Dans ce pays où moins de 5 % de la population est chrétienne, le 1er novembre est une aubaine pour de nombreux jeunes rompus au monde de l’informel.

Au Sénégal, la Toussaint se prépare depuis une semaine, mais ce sont moins les chrétiens que les musulmans qui s’activent en prévision des célébrations de ce vendredi 1er novembre. Dans ce pays où moins de 5 % de la population est chrétienne, la Toussaint est avant tout l’opportunité de gagner quelques billets pour de nombreux jeunes rompus au monde de l’informel et des petits boulots.

Jeudi, ils étaient une trentaine à circuler dans les allées de Bel-Air, le plus vieux cimetière chrétien de Dakar, à l’entrée d’une zone industrielle. « Demain sera le meilleur jour de l’année », glisse Lamine en frottant ses mains terreuses contre son tee-shirt découpé dans un drapeau sénégalais. Il sait que les riches familles chrétiennes vont se recueillir auprès de leurs défunts. Et il est impensable que la tombe des ancêtres soit plus sale que celle de leurs voisins, c’est une question de rang. « C’est mieux de travailler dans les cimetières chrétiens, parce qu’ils ont des tombes avec du carrelage, de la pierre et parfois même du marbre ! Il y a de quoi nettoyer, alors que les tombes musulmanes, c’est souvent dans le sable », poursuit le jeune homme.

Pour 5 000 francs CFA (7,60 euros), Lamine et ses collègues frottent la dalle à la brosse, ripolinent au chiffon et lavent même à grande eau quand la terre s’est incrustée. Pour quelques francs CFA supplémentaires, Lamine ouvre même son pot de peinture pour repasser les noms et les dates en noir. « On fait ça propre, sourit-il. Mieux que les techniciens du cimetière, qui demandent 15 000 francs CFA par mois pour frotter deux fois. »

« Il y a de la place pour tout le monde »
Face à la demande qui explose en cette période de Toussaint, les techniciens sont bien obligés d’ouvrir les grilles aux nettoyeurs occasionnels comme Lamine, en sachant qu’ils repartiront une fois la fête des morts passée.

Ousmane est l’un d’entre eux. « Il y a beaucoup de morts et de la place pour tout le monde », lance-t-il, zigzaguant entre les stèles, un bidon d’eau et des fleurs en plastique entre les mains. « Des gens viennent du monde entier pour déposer des fleurs et nettoyer les tombes à la Toussaint, souffle-t-il.
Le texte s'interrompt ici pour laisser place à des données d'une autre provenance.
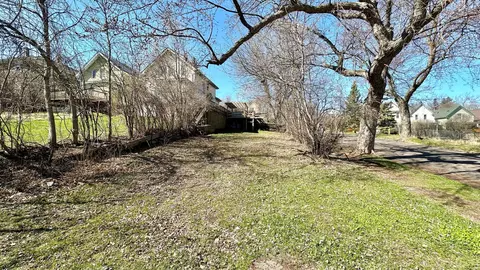 Exterior - 2856 Wicklow St, Duluth, MN 55806 photo 10 of 12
Ici, beaucoup d’étrangers sont enterrés : des Français, des Italiens, des Suisses, des Anglais, des Vietnamiens… Nous avons même des soldats morts en 14-18. »

A Dakar, la Toussaint est aussi une aubaine pour les vendeuses de fleurs qui s’alignent devant les grilles. Ngone Ndiaye, musulmane comme ses consœurs, vend des tulipes des Pays-Bas et des œillets d’Inde. Mais ce qui marche le mieux, ce sont les fleurs en plastique, plus durables sous les chaleurs sahéliennes. Elle s’attend à l’affluence du vendredi et donne son numéro à la volée pour les grosses commandes.

Le vent de sable vient de se lever. Une fine poussière recouvre les tombes. « Ça nous donnera plus de travail, si Dieu le veut », lance Lamine, qui compte bien profiter à fond de la Toussaint car dès samedi, il devra chercher un autre job. Peut-être machiniste ou repartir dans les mines de nickel en Côte d’Ivoire. « Je me laisserai quelques semaines pour trouver », assure-t-il. En attendant, cette Toussaint s’annonce très bonne pour les affaires.